I was watching a baseball game last season, and I was surprised at the number of players and coaches who still chew tobacco. I thought with all of the information we have on the link between tobacco and throat and neck cancer symptoms fewer people would be using chewing tobacco, especially professional ballplayers.


One of the patients at the medical center where I go had mouth cancer, or it could have been another type of cancer, but it was located in her head. She had radiation treatments, which is common for cancer. I know several people who have had the treatments. Radiation treatments are not pleasant, but after the treatments are over you can usually put them behind you.

The radiation treatment this women went through caused her to lose her teeth because her cancer was in her face/head, so while she did get better, she was always reminded of the cancer when she looked at herself. She did have false teeth, but even with the teeth she was constantly aware of what she had been through.

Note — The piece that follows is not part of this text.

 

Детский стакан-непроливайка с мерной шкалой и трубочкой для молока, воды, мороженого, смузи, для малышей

One of my friends in college, noticed a lump in her neck one day. Up until then, she had not been sick, and showed no signs of any type of illness. She went to the medical center on campus, and they misdiagnosed her, and sent her back to the dorm with a prescription for antibiotics.

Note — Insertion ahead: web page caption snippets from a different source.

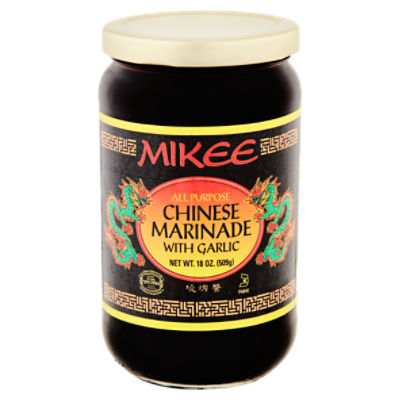 Mikee All Purpose Chinese Marinade with Garlic, 18 oz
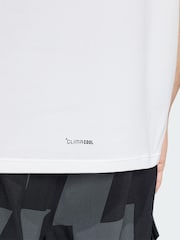 adidas Terrex White Multi Climacool T-Shirt - Image 4 of 5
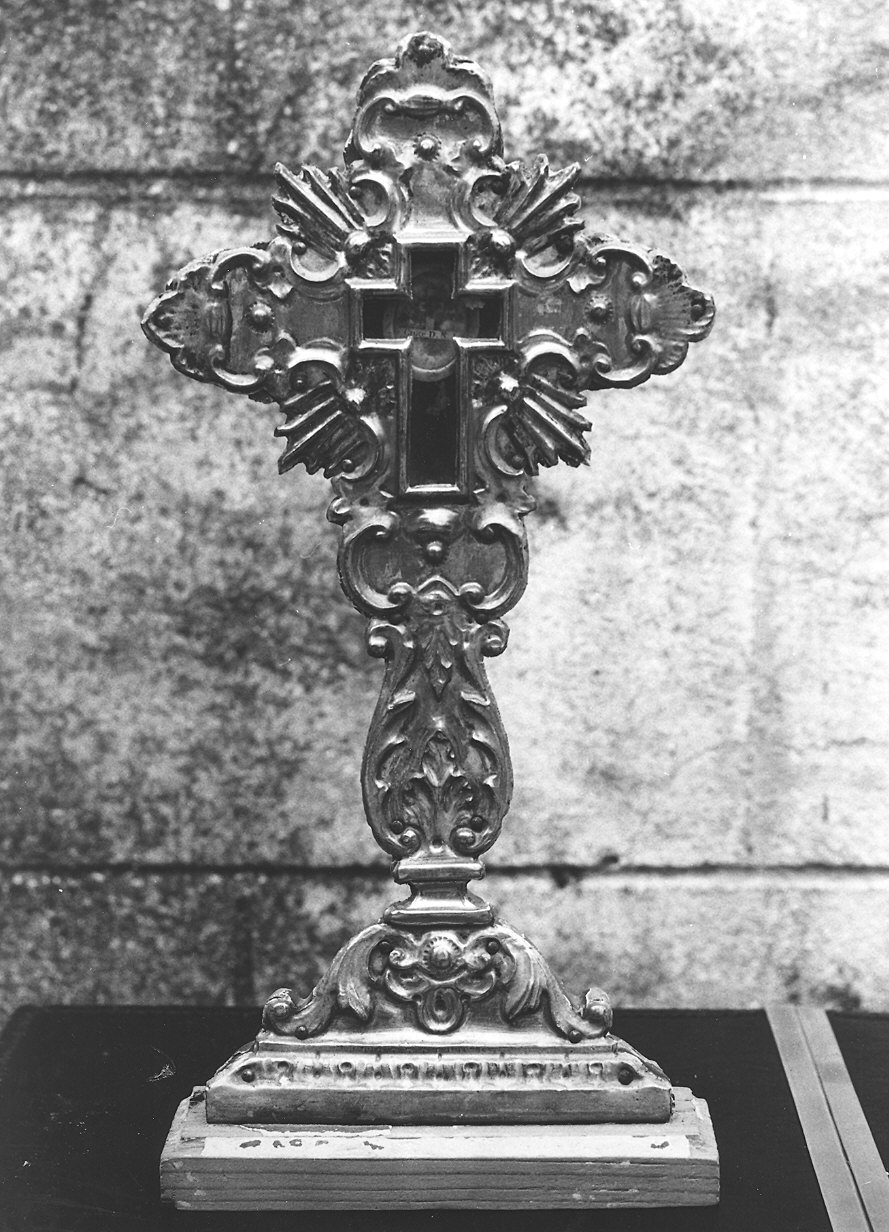 reliquiario - a ostensorio - ambito piacentino (sec. XVIII)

She took the antibiotics, and continued going to classes. She went on normally for a month or so until it was time for winter break. When I came back from winter break I learned that she had been diagnosed with neck and head cancer. She had started to feel poorly during the break and she had gone to her doctor, who sent her for tests.

She went downhill very quickly. She wasn't able to return to school because she was going through head and neck cancer treatment, and I lost track of her, but she never recovered from the cancer. It's amazing how quickly the disease caused her health to deteriorate.